# ASSIGNMENT
Your answer should be the lines below from the one with "如何提高工業(yè)廢水處理的環(huán)保意識？" to the one with "property_HH-16017948-8", both included, given again exactly and with nothing added.

# ENTRIES SUPPLIED
================================
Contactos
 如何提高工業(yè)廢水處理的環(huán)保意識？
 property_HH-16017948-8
================================
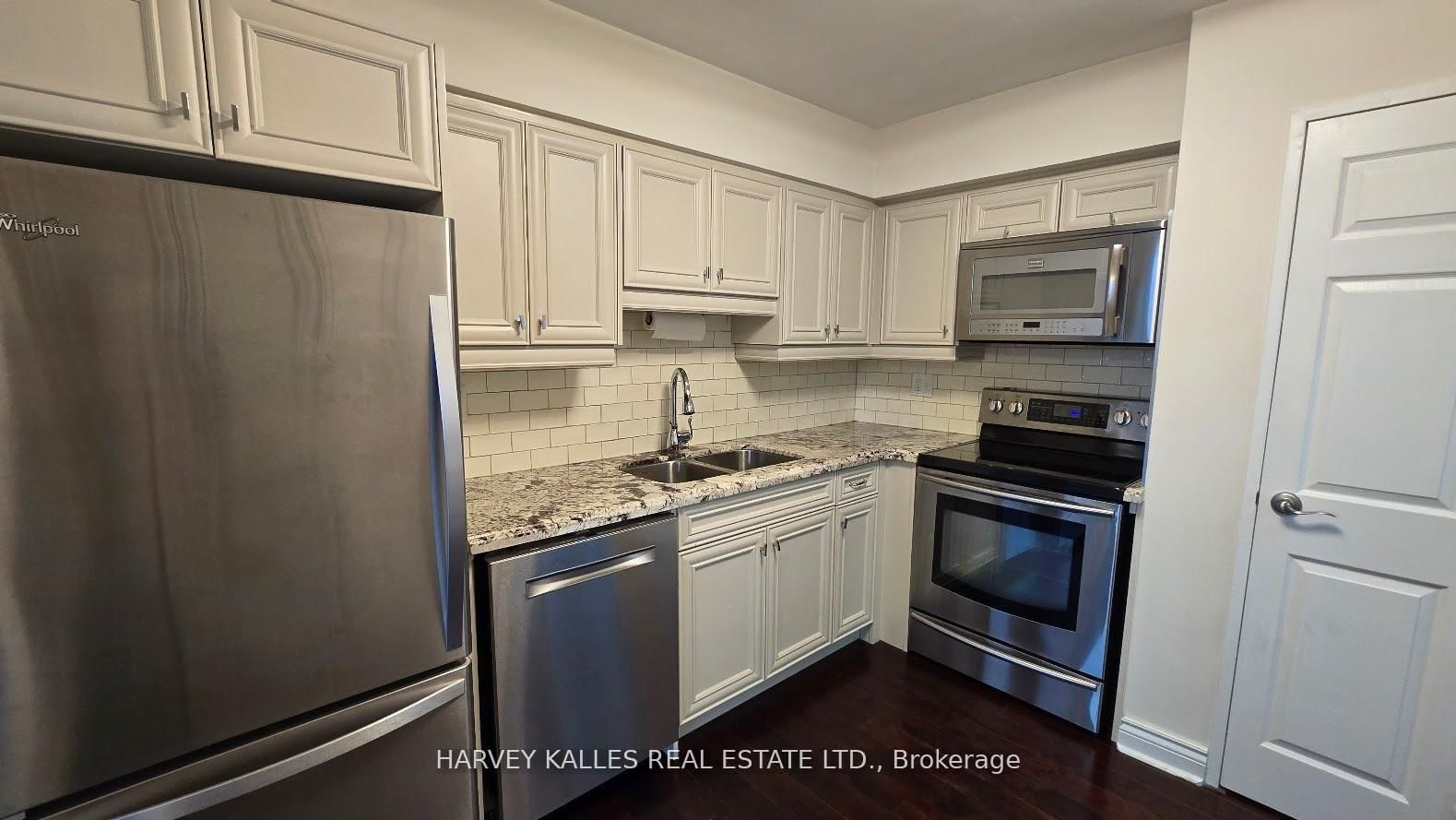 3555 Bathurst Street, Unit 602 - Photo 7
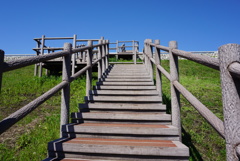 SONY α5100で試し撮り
================================
# EXPECTED ANSWER
 如何提高工業(yè)廢水處理的環(huán)保意識？
 property_HH-16017948-8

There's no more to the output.